[llvm] r367195 - [X86] In combineLoopMAddPattern and combineLoopSADPattern, preserve the vector reduction flag on the final add. Handle unrolled loops by letting DAG combine revisit.
Craig Topper via llvm-commits
llvm-commits at lists.llvm.org
Sun Jul 28 11:45:43 PDT 2019
Author: ctopper
Date: Sun Jul 28 11:45:42 2019
New Revision: 367195
URL: http://llvm.org/viewvc/llvm-project?rev=367195&view=rev
Log:
[X86] In combineLoopMAddPattern and combineLoopSADPattern, preserve the vector reduction flag on the final add. Handle unrolled loops by letting DAG combine revisit.
This reverts r340478 and r340631 and replaces them with a simpler
method of just letting DAG combine revisit the nodes to handle
the other operand.
Modified:
llvm/trunk/lib/Target/X86/X86ISelLowering.cpp
llvm/trunk/test/CodeGen/X86/madd.ll
llvm/trunk/test/CodeGen/X86/sad.ll
Modified: llvm/trunk/lib/Target/X86/X86ISelLowering.cpp
URL: http://llvm.org/viewvc/llvm-project/llvm/trunk/lib/Target/X86/X86ISelLowering.cpp?rev=367195&r1=367194&r2=367195&view=diff
==============================================================================
--- llvm/trunk/lib/Target/X86/X86ISelLowering.cpp (original)

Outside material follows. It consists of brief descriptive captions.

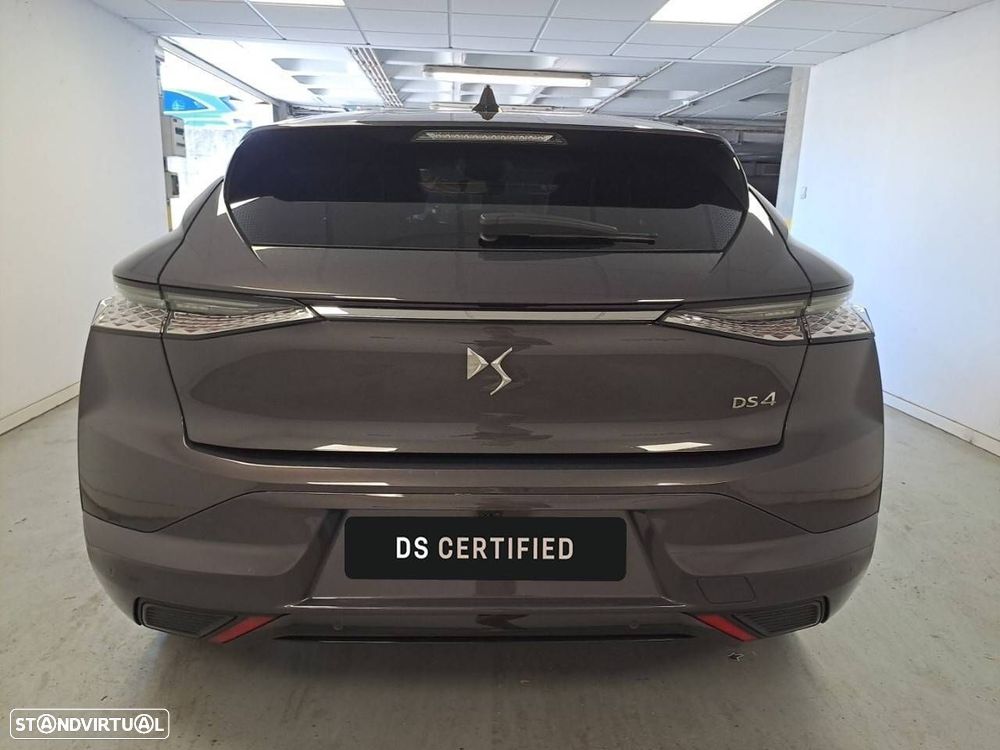 DS DS4 1.2 Hybrid Etoile e-DSC6 - 7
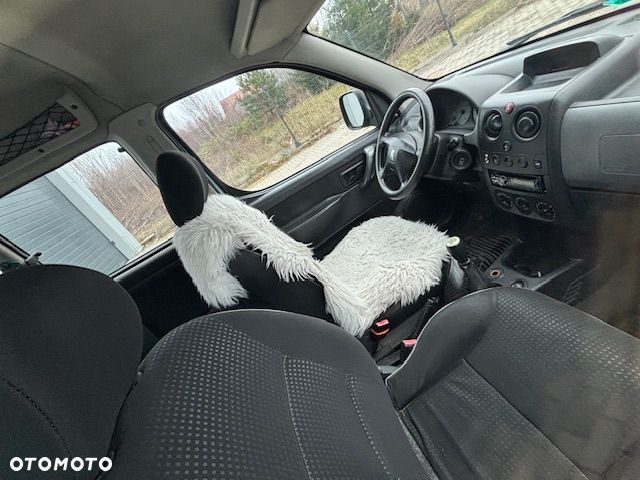 Peugeot Partner Combi 1.9 D - 5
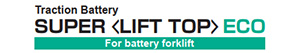 Lifttop Logo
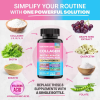 Oranvital Collagen Capsules Skin Whitening Supplements Collagen Pills Private Label Collagen Capsules With Hyaluronic Acid for Skin Care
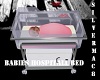Baby  Hospital Bed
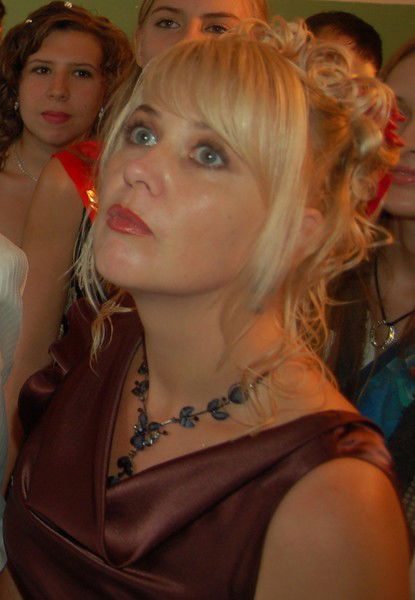 Татьяна Шауфлер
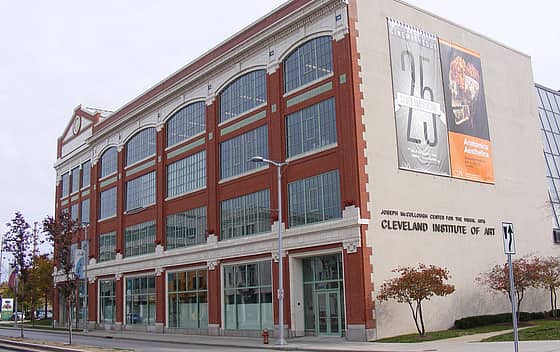 Cleveland Institute of Art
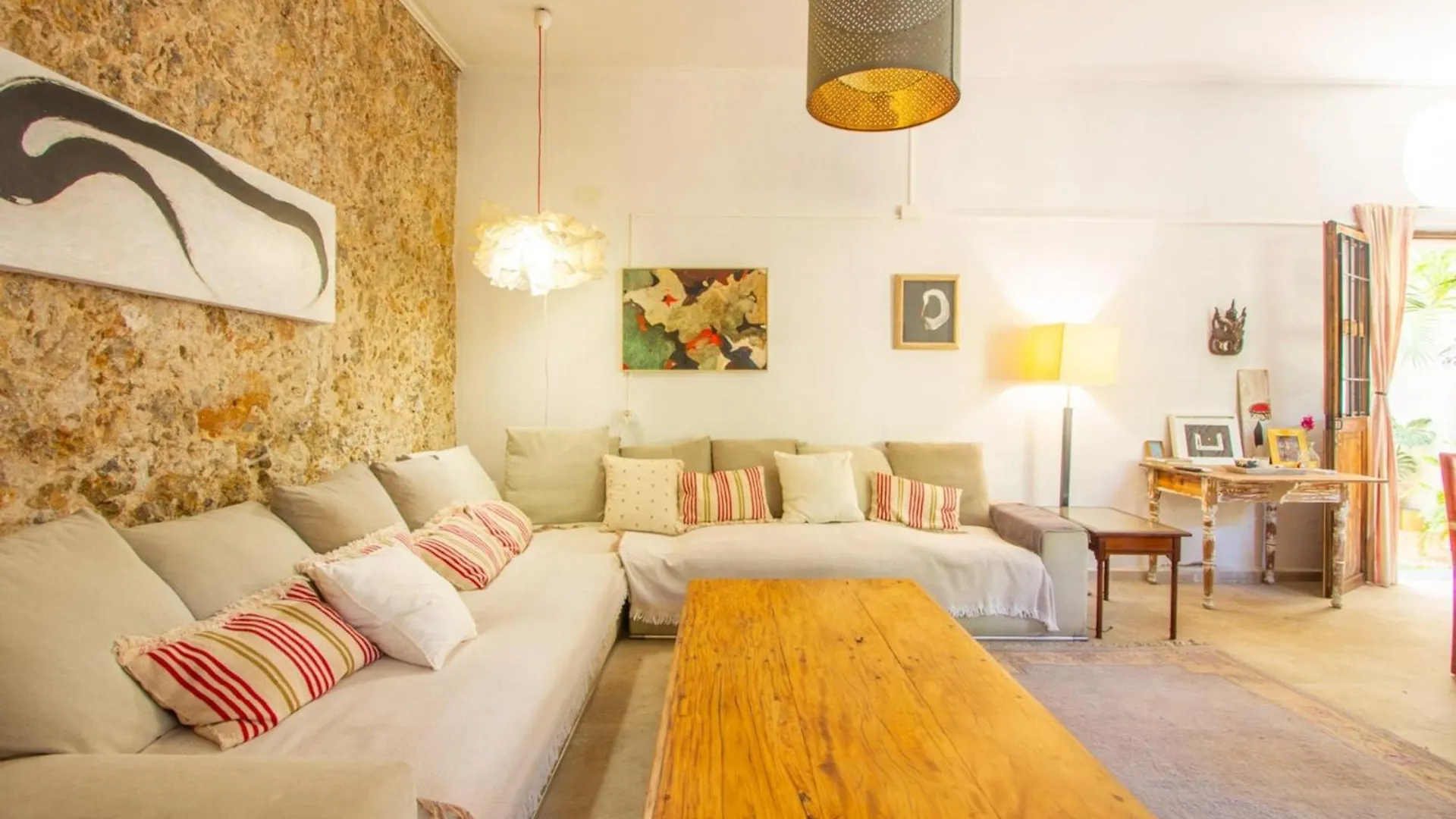 Holiday home Casa Ca Ses Monges By Mallorca Villa Selection Mancor del Valle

+++ llvm/trunk/lib/Target/X86/X86ISelLowering.cpp Sun Jul 28 11:45:42 2019
@@ -43151,8 +43151,17 @@ static SDValue combineLoopMAddPattern(SD
if (!Subtarget.hasSSE2())
return SDValue();
- SDValue Op0 = N->getOperand(0);
- SDValue Op1 = N->getOperand(1);
+ SDValue MulOp = N->getOperand(0);
+ SDValue OtherOp = N->getOperand(1);
+
+ if (MulOp.getOpcode() != ISD::MUL)
+ std::swap(MulOp, OtherOp);
+ if (MulOp.getOpcode() != ISD::MUL)
+ return SDValue();
+
+ ShrinkMode Mode;
+ if (!canReduceVMulWidth(MulOp.getNode(), DAG, Mode) || Mode == MULU16)
+ return SDValue();
EVT VT = N->getValueType(0);
@@ -43161,49 +43170,33 @@ static SDValue combineLoopMAddPattern(SD
if (!VT.isVector() || VT.getVectorNumElements() < 8)
return SDValue();
- if (Op0.getOpcode() != ISD::MUL)
- std::swap(Op0, Op1);
- if (Op0.getOpcode() != ISD::MUL)
- return SDValue();
-
- ShrinkMode Mode;
- if (!canReduceVMulWidth(Op0.getNode(), DAG, Mode) || Mode == MULU16)
- return SDValue();
-
SDLoc DL(N);
EVT ReducedVT = EVT::getVectorVT(*DAG.getContext(), MVT::i16,
VT.getVectorNumElements());
EVT MAddVT = EVT::getVectorVT(*DAG.getContext(), MVT::i32,
VT.getVectorNumElements() / 2);
+ // Shrink the operands of mul.
+ SDValue N0 = DAG.getNode(ISD::TRUNCATE, DL, ReducedVT, MulOp->getOperand(0));
+ SDValue N1 = DAG.getNode(ISD::TRUNCATE, DL, ReducedVT, MulOp->getOperand(1));
+
// Madd vector size is half of the original vector size
auto PMADDWDBuilder = [](SelectionDAG &DAG, const SDLoc &DL,
ArrayRef<SDValue> Ops) {
MVT OpVT = MVT::getVectorVT(MVT::i32, Ops[0].getValueSizeInBits() / 32);
return DAG.getNode(X86ISD::VPMADDWD, DL, OpVT, Ops);
};
-
- auto BuildPMADDWD = [&](SDValue Mul) {
- // Shrink the operands of mul.
- SDValue N0 = DAG.getNode(ISD::TRUNCATE, DL, ReducedVT, Mul.getOperand(0));
- SDValue N1 = DAG.getNode(ISD::TRUNCATE, DL, ReducedVT, Mul.getOperand(1));
-
- SDValue Madd = SplitOpsAndApply(DAG, Subtarget, DL, MAddVT, { N0, N1 },
- PMADDWDBuilder);
- // Fill the rest of the output with 0
- return DAG.getNode(ISD::CONCAT_VECTORS, DL, VT, Madd,
- DAG.getConstant(0, DL, MAddVT));
- };
-
- Op0 = BuildPMADDWD(Op0);
-
- // It's possible that Op1 is also a mul we can reduce.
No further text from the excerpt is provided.